EPG consists of two optimization loops. In the inner loop, an agent learns, from scratch, to solve a particular task sampled from a family of tasks. The family of tasks might be "move gripper to target location [x, y]" and one particular task in this family could be "move gripper to position [50, 100]". The inner loop uses stochastic gradient descent (SGD) to optimize the agent’s policy against a loss function proposed by the outer loop. The outer loop evaluates the returns achieved after inner-loop learning and adjusts the parameters of the loss function, using Evolution Strategies (ES), to propose a new loss that will lead to higher returns.

Having a learned loss offers several advantages compared to current RL methods: using ES to evolve the loss function allows us to optimize the true objective (final trained policy performance) rather than short-term returns, and EPG improves on standard RL algorithms by allowing the loss function to be adaptive to the environment and agent history.

The above video demonstrates how our method (left) teaches a robot how to hop in the backwards direction, in comparison with PPO (right). EPG results in exploratory behavior where the agent first tries out walking forwards before realizing that backwards gives higher rewards. Top-left text specifies the number of seconds elapsed. Note that this video demonstrates the complete learning process in real-time.

There has been a flurry of recent work on metalearning policies, and it's worth asking why learn a loss function as opposed to directly learning a policy? Learning recurrent policies tends to overfit the task at hand, while learning policy initializations has limited expressivity when it comes to exploration. Our motivation is that we expect loss functions to be the kind of object that may generalize very well across substantially different tasks. This is certainly true of hand-engineered loss functions: a well-designed RL loss function, such as that in PPO, can be very generically applicable, finding use in problems ranging from playing Atari games to controlling robots.

To test the generalization ability of EPG, we conducted a simple experiment. We evolved the EPG loss to be effective at getting "ants" to walk to randomly located targets on the right half of an arena. Then, we froze the loss, and gave the ants a new target, this time on the left half of the arena. Surprisingly, the ants learned to walk to the left! Here is how their learning curves looked (red lines on graphs):

This result is exciting to us because it demonstrates generalization to a task outside the training distribution. This kind of generalization can be quite hard to achieve. We compared EPG to an alternative metalearning algorithm, called RL2, which tries to directly learn a policy that can adapt to novel tasks. In our experiment, RL2 was indeed successful at getting agents to walk to targets on the right half of the screen. However, when given a test time target on the left half of the screen, it qualitatively failed, and just kept walking to the right. In a sense, it "overfit" to the set of tasks on which it was trained (i.e. walking to the right).

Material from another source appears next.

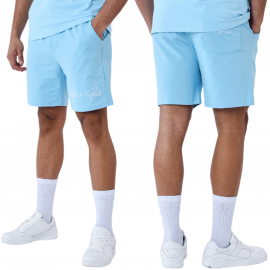 Short homme turquoise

The above video demonstrates how our method (left) teaches an ant robot how to walk and reach a target (green circle) from scratch, in comparison with RL2 (right). Top-left text specifies the number of seconds elapsed. Note that this video demonstrates the complete learning process at 3X real-time speed.

As do all metalearning approaches, our method still has many limitations. Right now, we can train an EPG loss to be effective for one small family of tasks at a time, e.g., getting an ant to walk left and right. However, the EPG loss for this family of tasks is unlikely to be at all effective on a wildly different kind of task, like playing Space Invaders. In contrast, standard RL losses do have this level of generality -- the same loss function can be used to learn a huge variety of skills. EPG gains on performance by losing on generality. There is a long road ahead toward metalearning methods that both outperform standard RL methods and have the same level of generality.

  1. By "loss function", we mean the entire objective function that is optimized, with respect to policy parameters, via gradient descent. This function is more general than just a reward function, as its goal is to guide behavior toward high total returns, rather than just optimizing immediate rewards. ↩︎

  2. Recent work explores related ideas in behavioral cloning and planning contexts. ↩︎